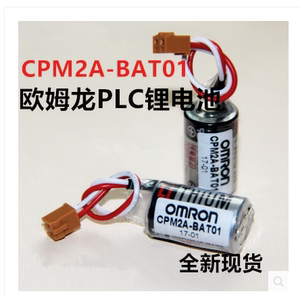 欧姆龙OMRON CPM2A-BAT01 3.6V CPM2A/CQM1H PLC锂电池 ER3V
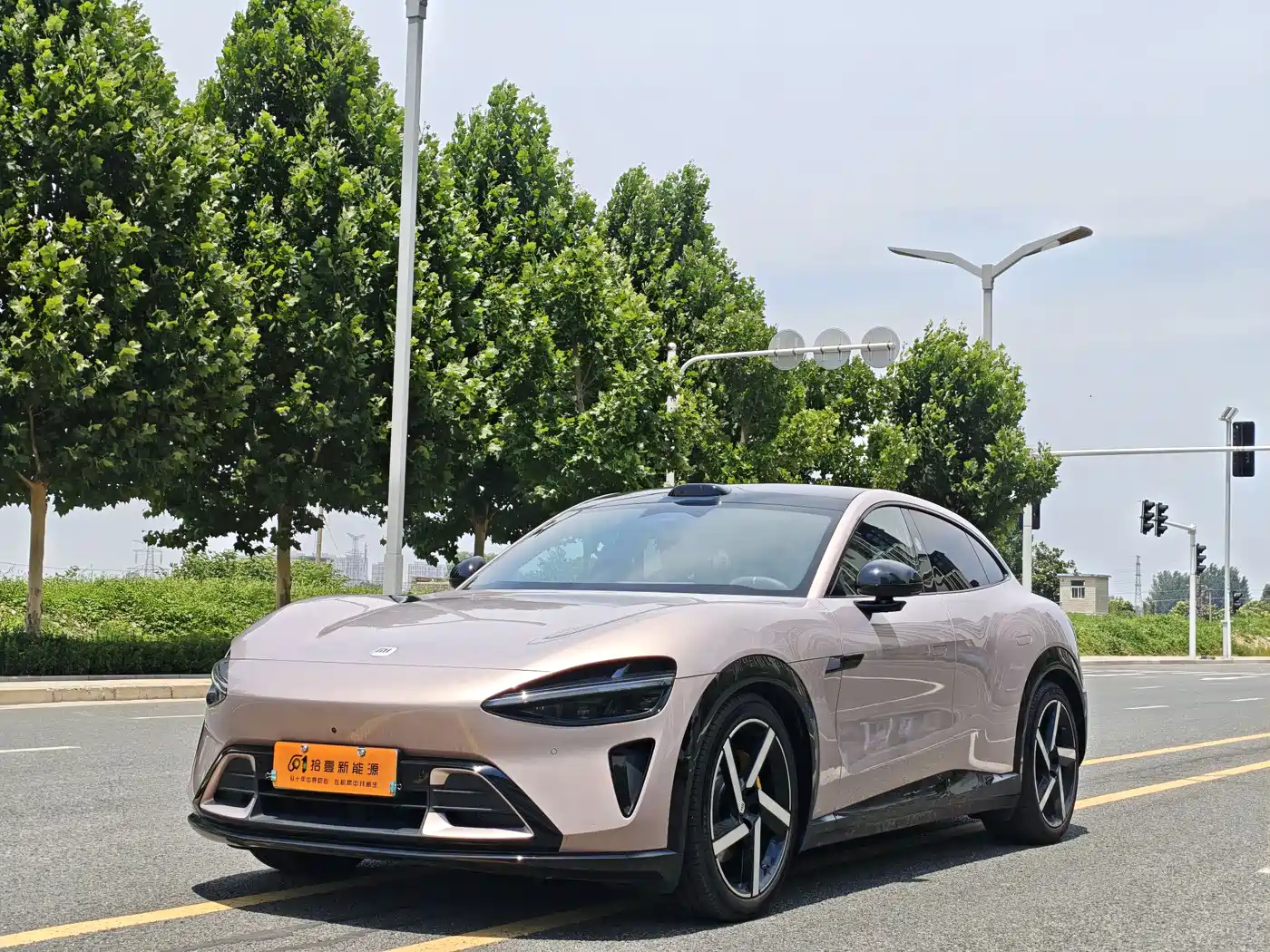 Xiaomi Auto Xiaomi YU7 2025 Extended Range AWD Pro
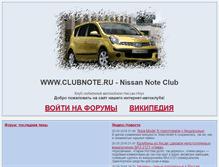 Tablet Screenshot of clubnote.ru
###
#### WHAT TO PRODUCE
Pictures aside, give the data again exactly as it appears.

#### SOLUTION
 欧姆龙OMRON CPM2A-BAT01 3.6V CPM2A/CQM1H PLC锂电池 ER3V
 Xiaomi Auto Xiaomi YU7 2025 Extended Range AWD Pro
 Tablet Screenshot of clubnote.ru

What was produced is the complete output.